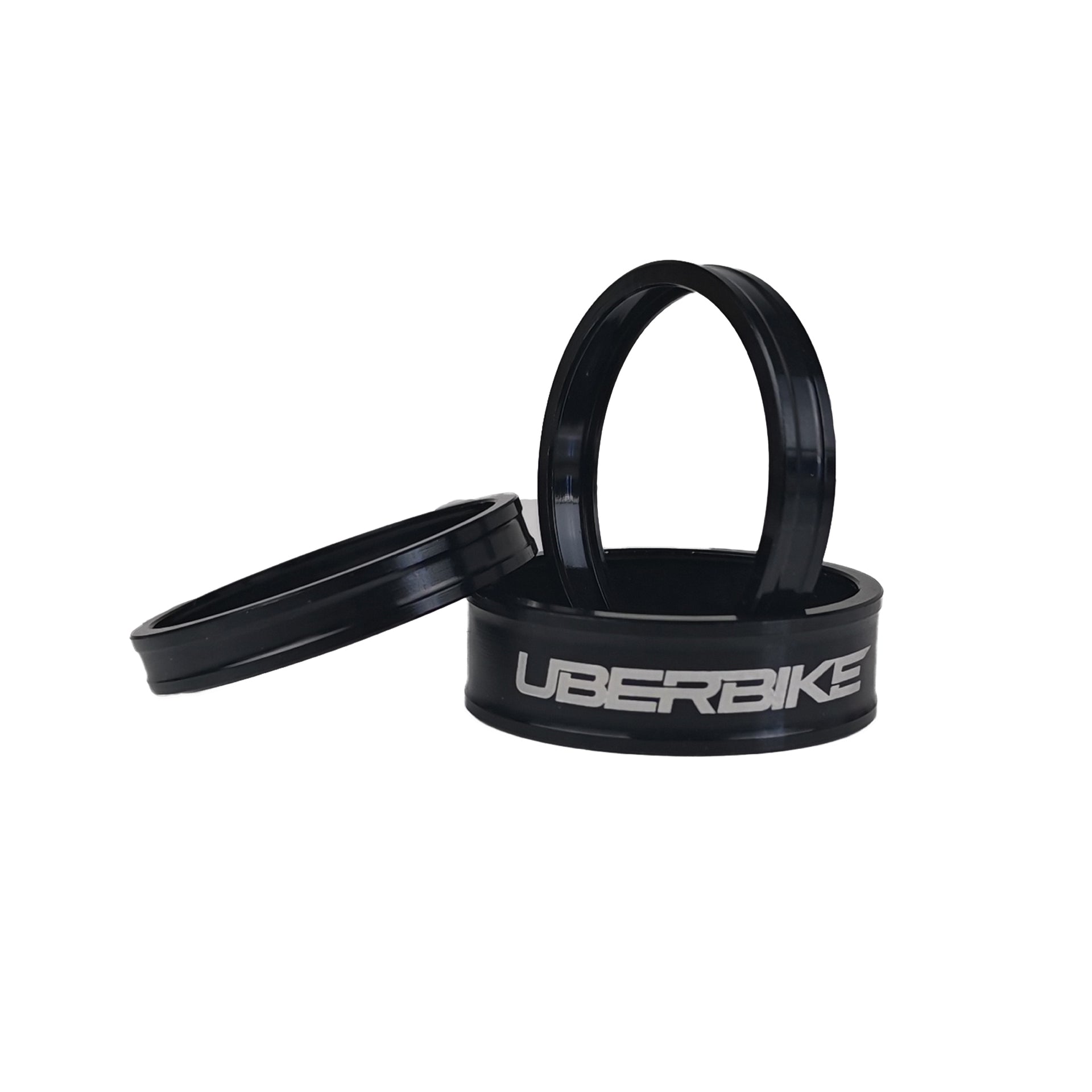 3 black headset spacers with Uberbike branding on a white background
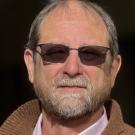 Headshot photo of older man with gray beard and sunglasses, neutral expression, brown jacket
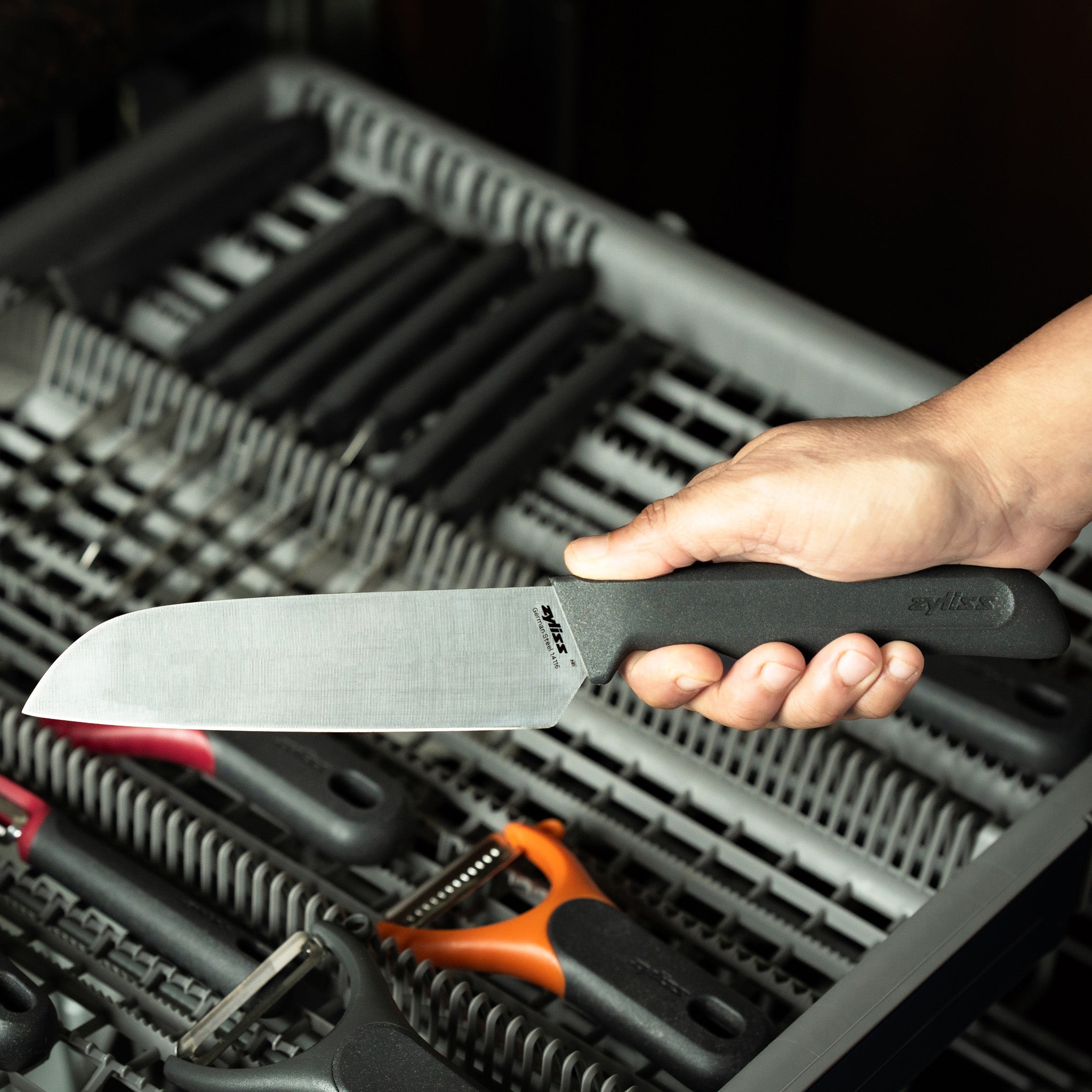 A hand holding a large kitchen knife with a black handle over an open dishwasher filled with utensils and kitchen tools.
--*--
*What to produce*
Return the listing unchanged except for the pictures, which should be dropped.

*Result of the task*
 3 black headset spacers with Uberbike branding on a white background
 Headshot photo of older man with gray beard and sunglasses, neutral expression, brown jacket
 A hand holding a large kitchen knife with a black handle over an open dishwasher filled with utensils and kitchen tools.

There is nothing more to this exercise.